Yatsenyuk told the UN security council on Thursday he is convinced Russians do not want war. He urged Russia’s leaders to heed the people’s wishes and return to dialogue with Ukraine. “If we start real talks with Russia, I believe we can be real partners,” Yatsenyuk said.

He said Ukraine gave up the world’s third-largest nuclear arsenal in 1994 in exchange for guarantees of its independence and territorial integrity. After Russia’s recent actions, Yatsenyuk said, “it would be difficult to convince anyone on the globe not to have nuclear weapons”. [Continue reading…]

In an op-ed for the New York Times yesterday, John Mearsheimer wrote: The West has few options for inflicting pain on Russia, while Moscow has many cards to play against Ukraine and the West. It could invade eastern Ukraine or annex Crimea, because Ukraine regrettably relinquished the nuclear arsenal it inherited when the Soviet Union broke up and thus has no counter to Russia’s conventional superiority.

No doubt, if Israel’s leaders are ever pushed into a position where they need to defend retaining their own nuclear arsenal, they will surely be tempted to cite Professor Mearsheimer’s position — that giving up such weapons can turn out to be regrettable.

Let’s suppose, however, that Ukraine was still bristling with nuclear weapons — at its peak its arsenal was larger than those of Britain, France, and China combined — are we to imagine that its interim government would now be making veiled threats to incinerate Moscow? Are we to suppose that Russian forces would have stayed out of Crimea?

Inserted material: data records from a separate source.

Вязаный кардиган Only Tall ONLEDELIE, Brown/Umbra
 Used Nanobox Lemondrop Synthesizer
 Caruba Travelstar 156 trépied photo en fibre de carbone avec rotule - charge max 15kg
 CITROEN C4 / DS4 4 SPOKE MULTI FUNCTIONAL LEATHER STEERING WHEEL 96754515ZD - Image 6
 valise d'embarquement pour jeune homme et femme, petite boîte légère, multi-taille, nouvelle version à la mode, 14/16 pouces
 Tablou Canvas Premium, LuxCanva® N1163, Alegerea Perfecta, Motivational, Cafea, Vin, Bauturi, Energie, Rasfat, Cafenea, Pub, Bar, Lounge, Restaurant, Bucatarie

After all, how many wars have Israel’s nuclear weapons prevented?

It seems just as likely that in the current situation, Putin would be arguing that Russia had no choice but take over the whole of Ukraine — not under the pretext of protecting ethnic Russians but in the name of defending global security, his argument being that in an unstable Ukraine, “loose nukes” pose a threat to everyone.

What seems regrettable is not that Ukraine gave up its nuclear weapons but that the security guarantees it was given for doing so appear to have been worthless.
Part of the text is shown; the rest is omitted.